Under these circumstances, the symptom of inadequate capacity no longer will be unacceptably frequent involuntary firm curtailments, as assumed under the traditional approaches to calculating reserve requirements based on LOLE criteria. Instead, the symptom of inadequate capacity will be too many hours with high prices and substantial voluntary, price-induced customer reductions, imposing a cost on these customers that exceeds the incremental cost of additional peaking capacity.
Part I of this article explained that the level of capacity is optimal and efficient when the incremental cost of additional capacity equals its incremental benefit; and historically, the benefit had to do with reducing the risk of having to curtail firm customers. On a system with substantial price-responsive demand, the incremental benefit of capacity results from the additional service provided to price-responsive customers, as the need to involuntarily curtail firm loads due to inadequate resources becomes increasingly unlikely. Put differently, supply additions will result from the interplay of supply and demand, as they do for other goods and services, rather than administrative planning criteria and reliability rules.

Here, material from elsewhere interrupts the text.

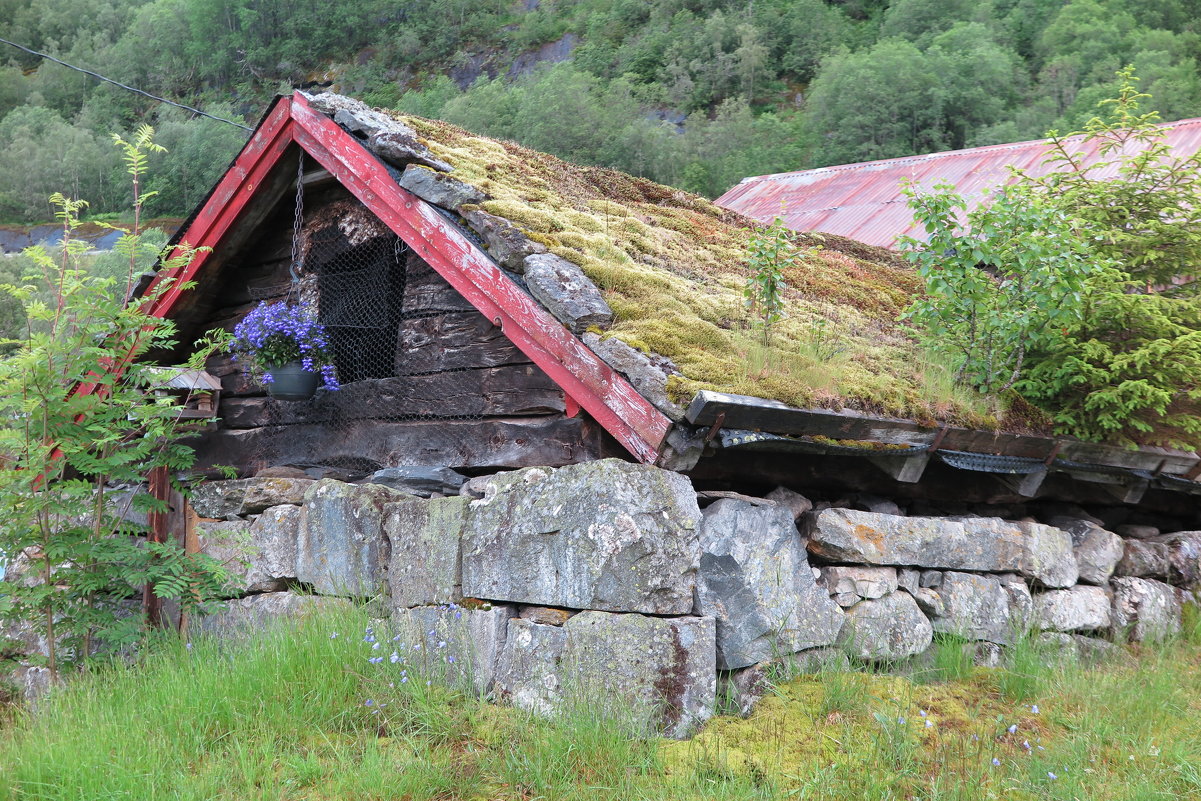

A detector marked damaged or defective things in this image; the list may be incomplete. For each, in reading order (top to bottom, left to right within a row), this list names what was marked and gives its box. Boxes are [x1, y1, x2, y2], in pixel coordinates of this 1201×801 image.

red rusty metal roof [715, 117, 1201, 248]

Ultimately, the conservative one-in-10 resource adequacy criterion, to the extent it will remain possible to meaningfully apply it, will suggest levels of capacity lower than the optimal amounts, and less than the amounts that will be provided under market incentives. As markets and prices rather than reliability rules begin to determine capacity levels, the RTOs’ capacity mechanisms can be phased out, as such payments no longer will be needed to achieve acceptable levels of reliability (see illustrative example in sidebar). The shift away from revenue recovery through capacity payments also will help achieve goals for attracting renewable resources, which capacity values typically are deeply discounted.
The future holds more instances with (at least a chance of) high prices and low reserves.
In the past and at present, with limited ability to manage peak loads, providing a high level of reliability requires planning a capacity margin over extreme peak load levels that are unlikely to occur. As a result, there nearly always is abundant capacity and operating reserves rarely fall below desired levels. As peak loads become more manageable and price-driven, generating capacity should be planned assuming the capability actually will be used. Even during the transitional period, the planning outlook should include more frequent short periods of low reserves and rising prices—or at least the potential for these conditions, unless there is sufficient demand and supply response. If there is sufficient response, price spikes won’t occur, or will be brief and muted. And activation of demand-side reductions should not be considered indicative of a failure to plan and build adequate resources. These actions become part of the plan, to be expected, up to a point. In addition, instances of high prices and critical peak pricing and rebates—when consumers realize the value of their investments in smart meters and devices—will have a positive impact on sales and deployment of such devices, ultimately strengthening the ability of the smart grid to ensure resource adequacy.